Marcus Foston, who holds a BS in Polymer and Textile Chemistry and a PhD in Polymer Chemistry from the Georgia Institute of Technology and who loves to cook, has a very interesting notion.
“In terms of practical skills, cooking and engineering are similar,” Foston said. “Both require procedures, recipes, measuring, mixing, heating, monitoring. However, cooking – and even some chemistry – is as much a science as an art style. I get to use my instincts, improvise and apply my creative skills.”
He believes science, technology, engineering and math (STEM) disciplines need to be taught from an early age, though integrated with the arts – a combination called “STEAM.”
“I would at an early stage demonstrate the inter-connectives of STEM subjects and integrate art as a key component of a STEM background,” Foston said.

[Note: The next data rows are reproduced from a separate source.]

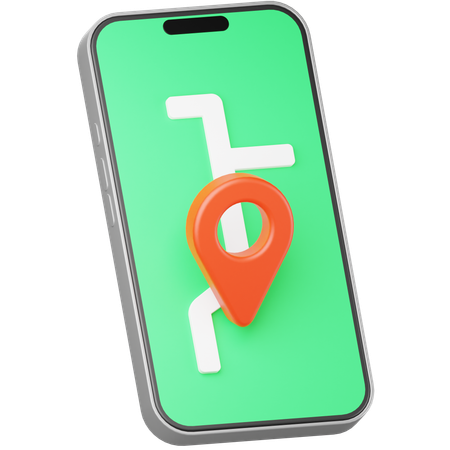 Mobile Location  3D Icon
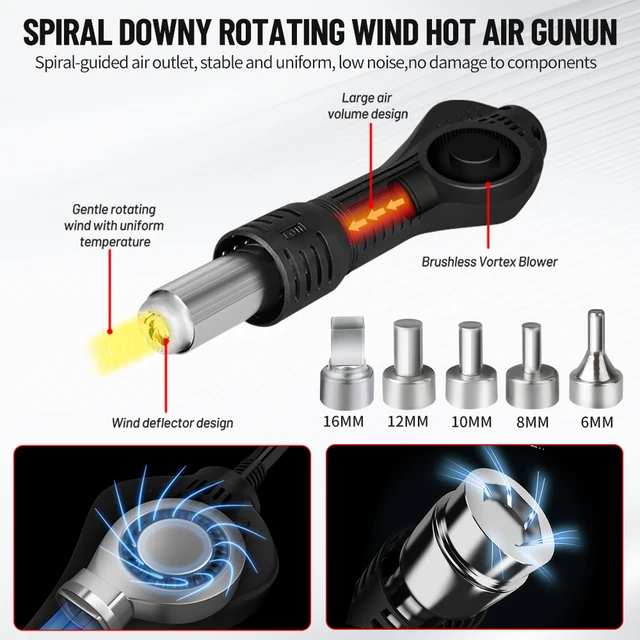 محطة لحام Kaisi 8512P المزدوجة (2 في 1) 700 واط – هوت إير بذراع ميكانيكي وكاويه T12 6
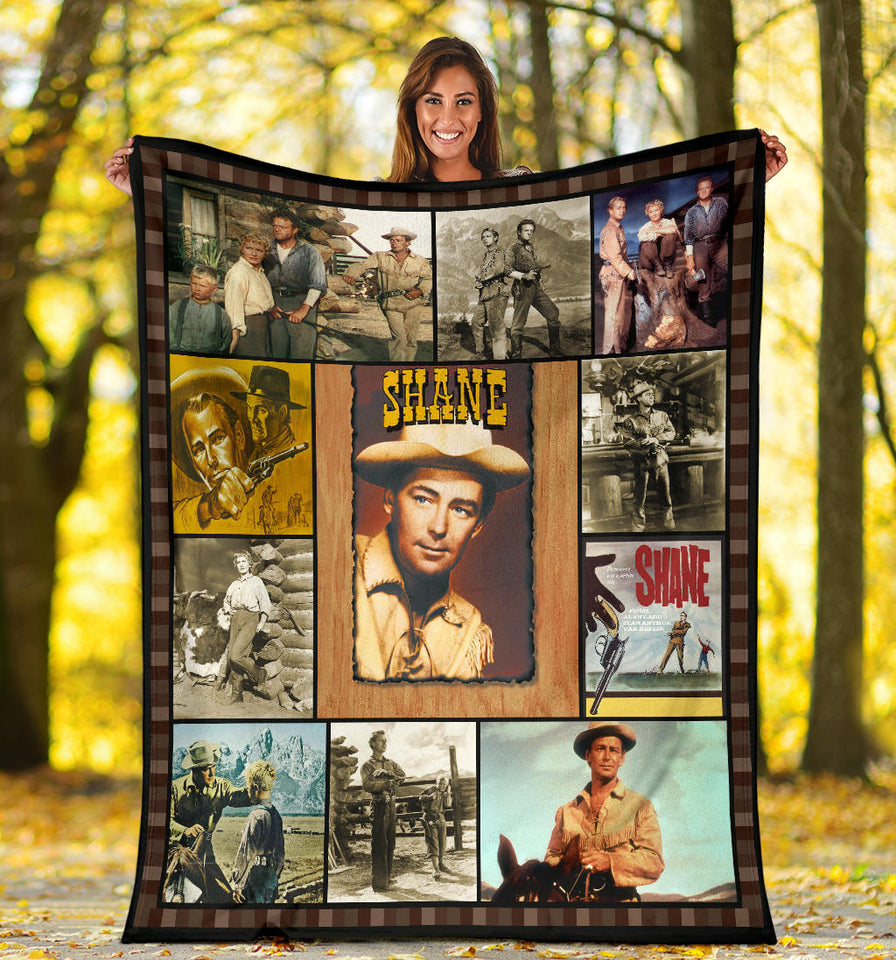 Shane 1953 Movie Blanket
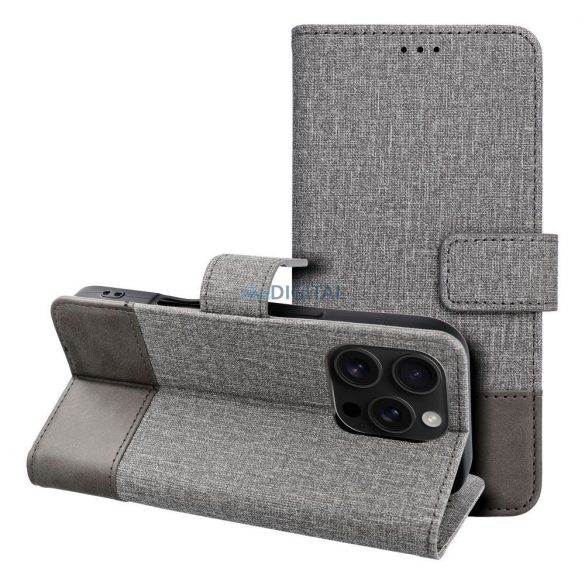 Husă de carte GOMMA Huawei P30 Lite - gri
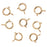 Spring Ring Clasps, Round with Open Ring 5.5mm, 14K Gold-Filled (4 Pieces)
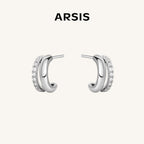 Lucia Pavé Duet Huggie Earrings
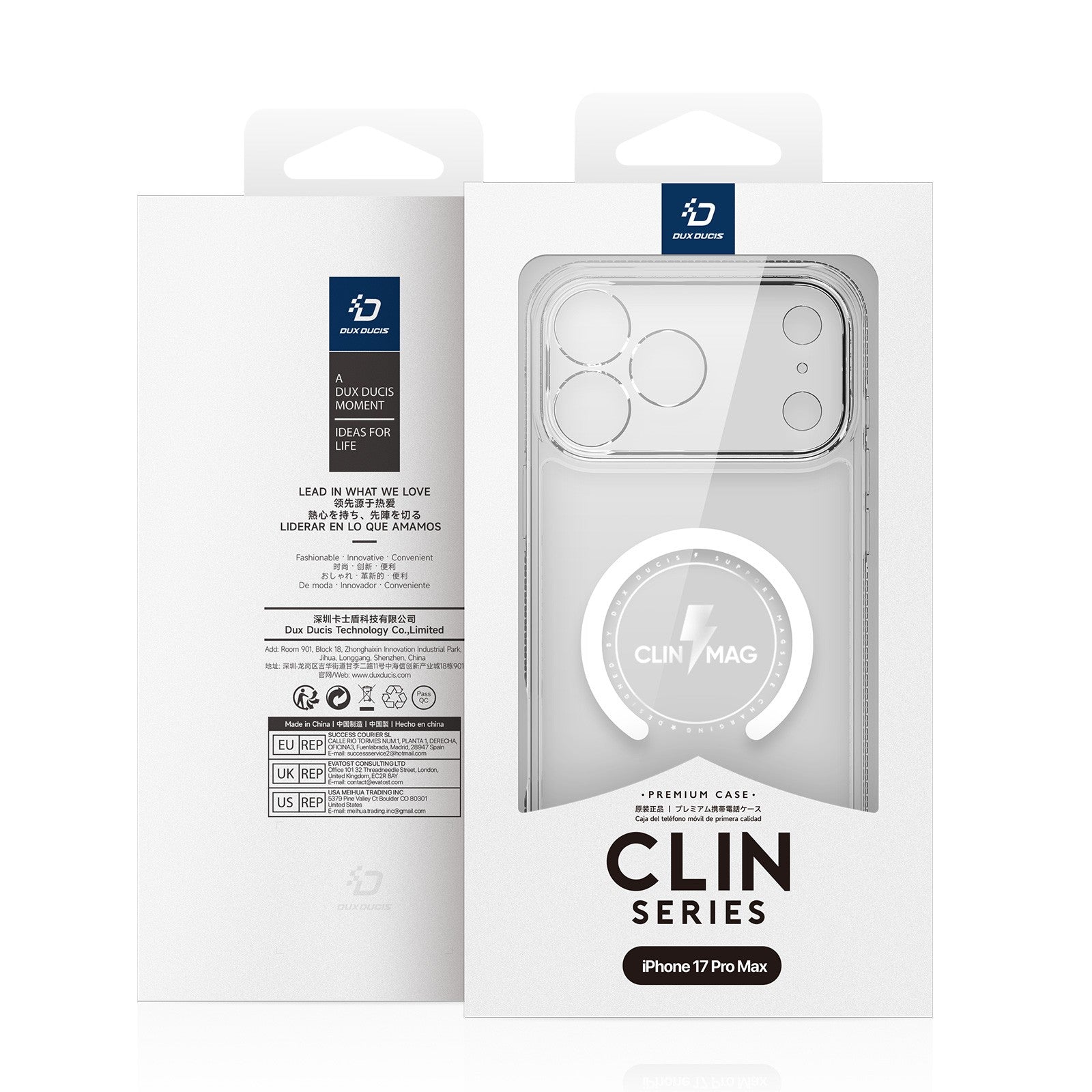 Ümbris Dux Ducis Clin Magsafe Apple iPhone 17 Pro Max (läbipaistev)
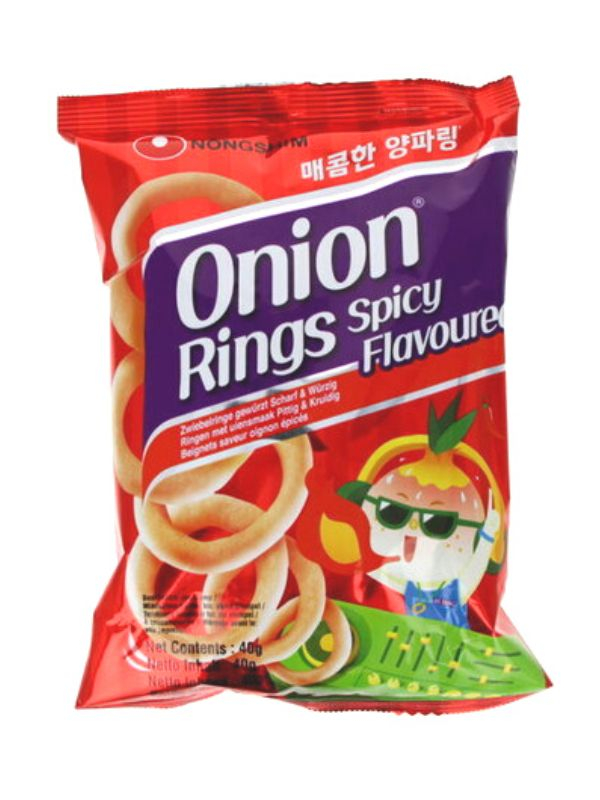 167386436263c524aabd777.jpg NONGSHIM spicy Onion rings /农心辣味洋葱圈零食 40g - 图片 1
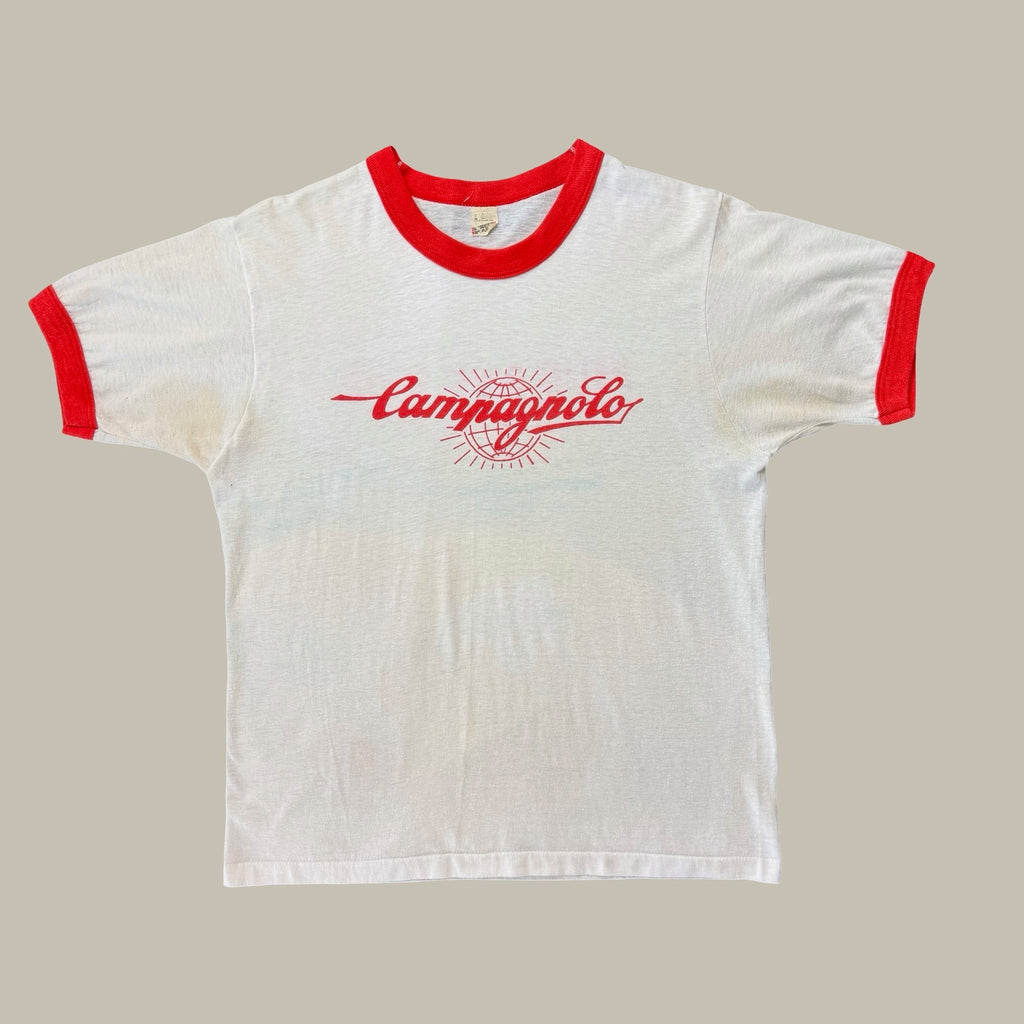 PATIO BIKE SHOP CAMPAGNOLO RINGER T-SHIRT · CIRCA 1970S-1980S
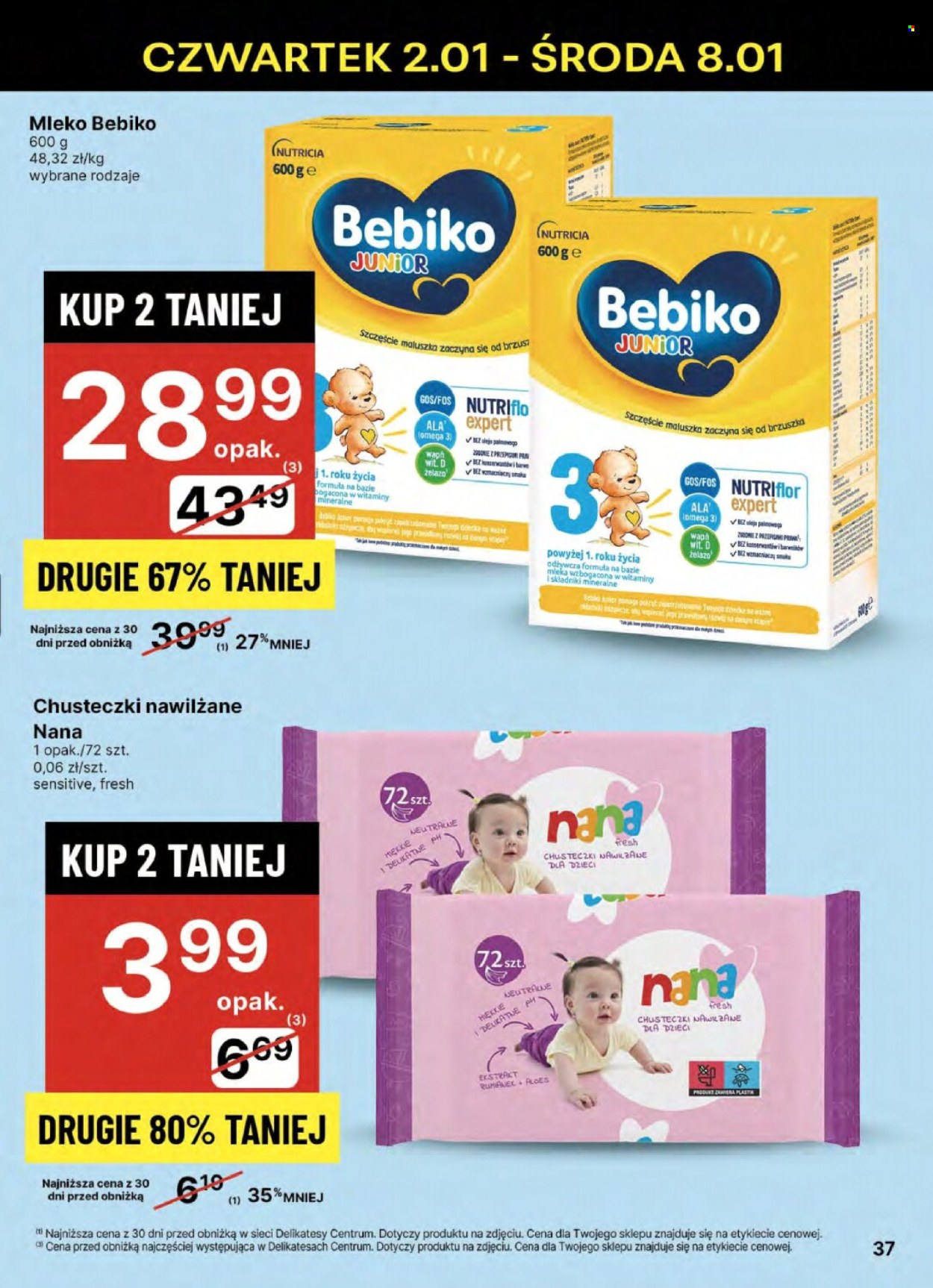 Gazetka Delikatesy Centrum - 2.01.2025 - 8.01.2025. Strona 37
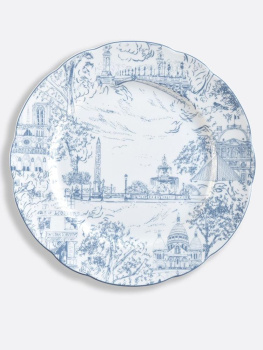 Bernardaud Tout Paris Обеденная тарелка с пирамидой, диаметр - 26 см, цвет - белый, синий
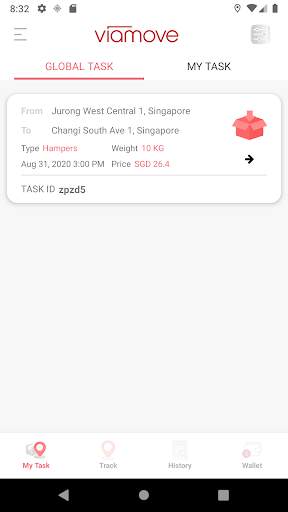 Viamove Agent screenshot 1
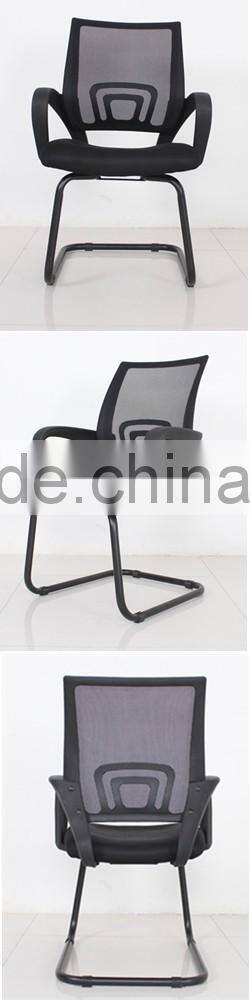 China Manufacturer Office Chair Price Competitive Mid Back Ergonomic Mesh Conference Chair with L Base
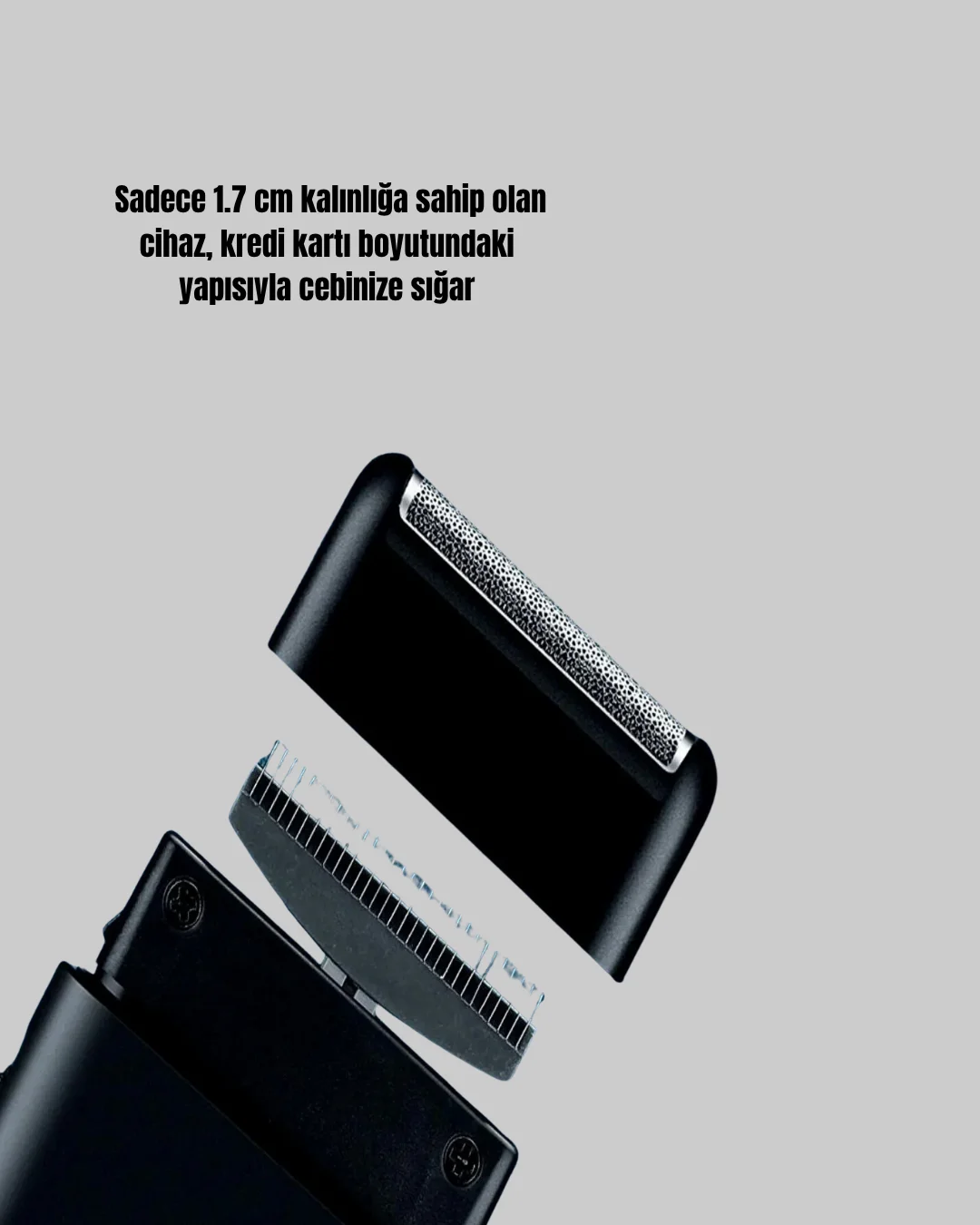 Taşınabilir Elektrikli Tıraş Makinesi USB Şarjlı 5W Motor ve 0.3 mm Hassas Kesim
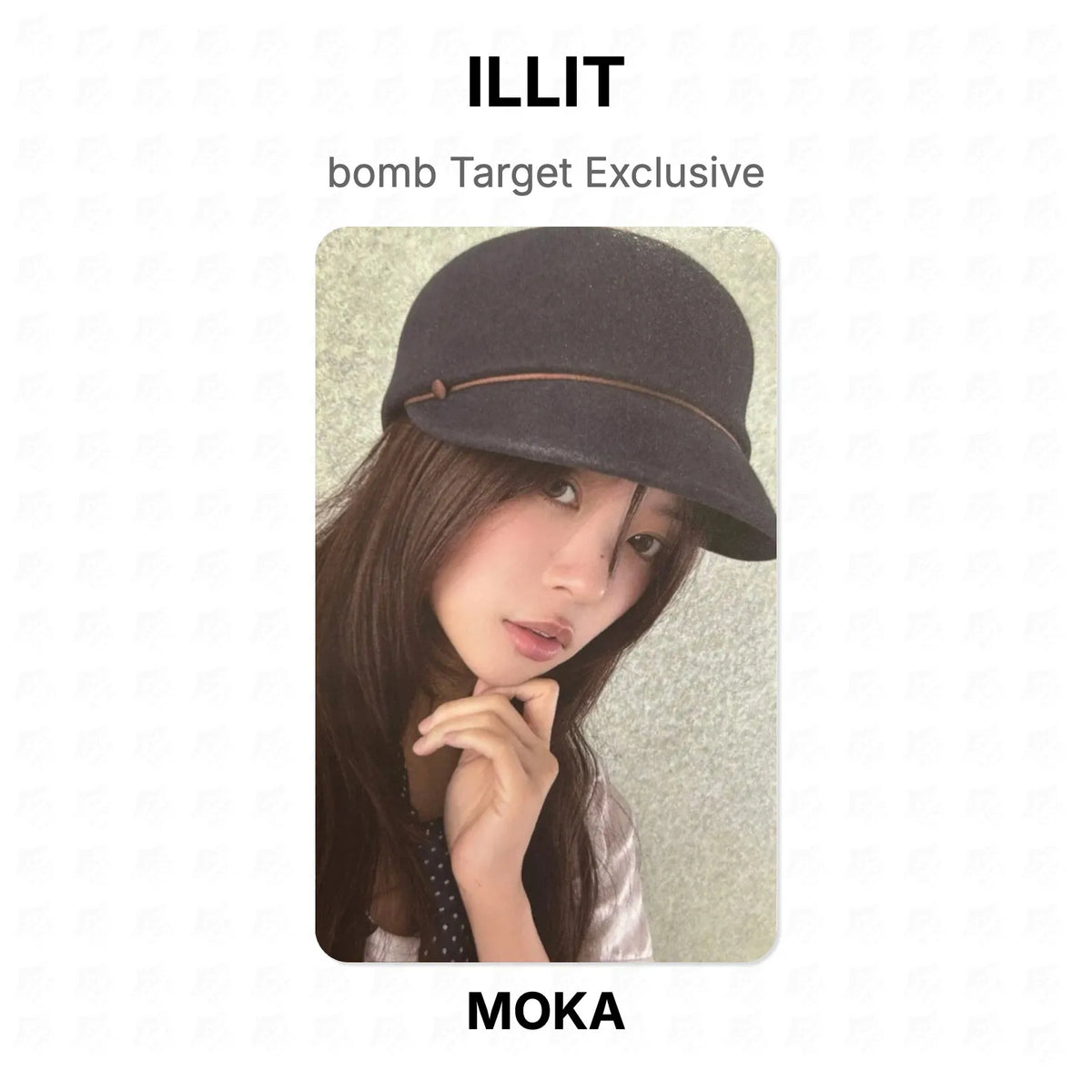 ILLIT bomb Target Exclusive Official Photocard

“I’ve found interacting with my college students that far too often they lack the ability to take information and concepts they’ve learned, and apply them in new and unique situations to develop a solution. I feel as though this is a result of the inability to apply creativity to problem solving. A more well-rounded early education is important in developing this skill.”
In his own early education, he was inspired by his mother’s mantra on hard work. She raised him, for the most part, on her own.
“I learned what hard work meant and that the world is not supposed to be fair,” Foston said. “The most valuable thing I learned from watching my mother was that individuals only have control over their own actions, and even when it’s not enough, it’s better than nothing. So work hard for the things you want.”
He wanted to pursue academia. Now he is an assistant professor in the Department of Energy, Environmental & Chemical Engineering at Washington University in the School of Engineering & Applied Science. He directs research on these problems in his own lab at WashU, the Foston Lab.
“I am passionate about the science, engineering and development of new materials for existing and emerging technologies in biomass utilization. It is immensely satisfying to address what I believe to be some of the world’s most growing issues in the future, which pertain to meeting global manufacturing and energy demands in a sustainable and green manner,” Foston said.
“The idea of creatively combining the utilization of nuclear magnetic resonance and research on renewable material conversion, from the feedstock to application, is particularly exciting and provides an advantage with respect to other groups working on similar problems.”